Florida has one of the largest concentrations of sharks in the world, with sharks present year-round. The Sunshine State is known to have tiger sharks, great hammerheads, bulls, scalloped hammerheads, lemons, sandbars, reefs, black tips, makos, duskys and silky sharks either visiting or resident in its waters. Depending on the time of year many of these species can be seen on dive sites off of its Atlantic coast near Jupiter, earning it a reputation as one of the USA’s top shark diving spots.

Jupiter gained global notoriety for its annual lemon shark aggregation after featuring on BBC’s “Blue Planet 2”.  Every year from December to late March lemon sharks follow the nutrient-rich Gulf Stream sweeping up Florida’s Atlantic coast.  It is thought that they congregate near the coast here to mate and subsequently return to the mangroves of the Bahamas to give birth.  Researchers actively documenting the aggregation have discovered that in addition to the lemon sharks, blacktips migrate in their thousands just offshore during winter.  Given this abundance of life, it’s not surprising that divers and shark lovers gather here to witness these amazing creatures up close.

Sadly sharks are fished both commercially and recreationally from the Florida coast to the waters of the Bahamas.  Getting people to view sharks as more valuable alive than dead is a major part of the conservation focus in Jupiter.  Several local eco-tourism companies offer shark tours catering to divers, snorkelers and those wishing to view sharks from the comfort of a boat.  With three international airports within driving distance and less than a 45 minute boat ride to most sites, if you want to get in the water and swim with sharks, this seems one of the easiest and most accessible ways to do it.

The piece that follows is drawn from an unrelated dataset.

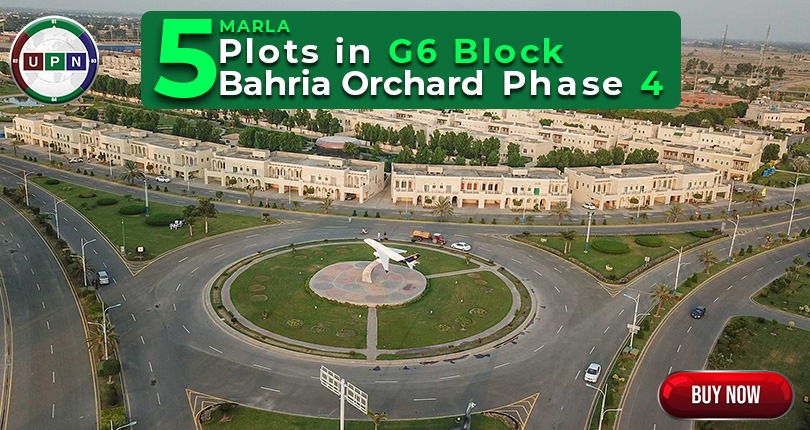 5 Marla Plots in G6 Block Bahria Orchard Phase 4 – New Open Form Deal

Recently Mike and I were fortunate enough to be transiting through Miami and thought it would be a great opportunity to delay our onward travel a few days to experience this amazing event.  After a bit of research on the various dive and tour operators, we booked a snorkel trip with  Choosing to snorkel meant we could have good in-water interaction without any cages and also be able to fly out the next day without any offgassing concerns.  This option also means families with non-divers have the opportunity to share the same experience.

We headed over to the marina on a sunny yet pleasantly cool morning to meet with our captain and other shark enthusiasts.  With a stunning view of the Jupiter lighthouse across the waterway we were met by our friendly and efficient boat captain as the crew prepared our boat with supplies and introduced us to each other.  Having signed in and completed the necessary paperwork, we split into 2 groups of 6 to keep the group sizes small.  The boats were comfortable and fast and we enjoyed the cruise out of the Jupiter inlet and into the slight swell.

In under 30 minutes we were about 4 miles offshore at a site known for regular lemon and bull shark sightings.  In fact, the company has nicknamed it “Lemon Drop” for its predictability. Our three crew consisted of the Captain, our in water guide and shark specialist and a second in water safety freediver, all very knowledgable and enthusiastic!  On the way we were briefed on the boat safety features, what to expect on the upcoming experience and good in-water etiquette to keep both the sharks and ourselves happy.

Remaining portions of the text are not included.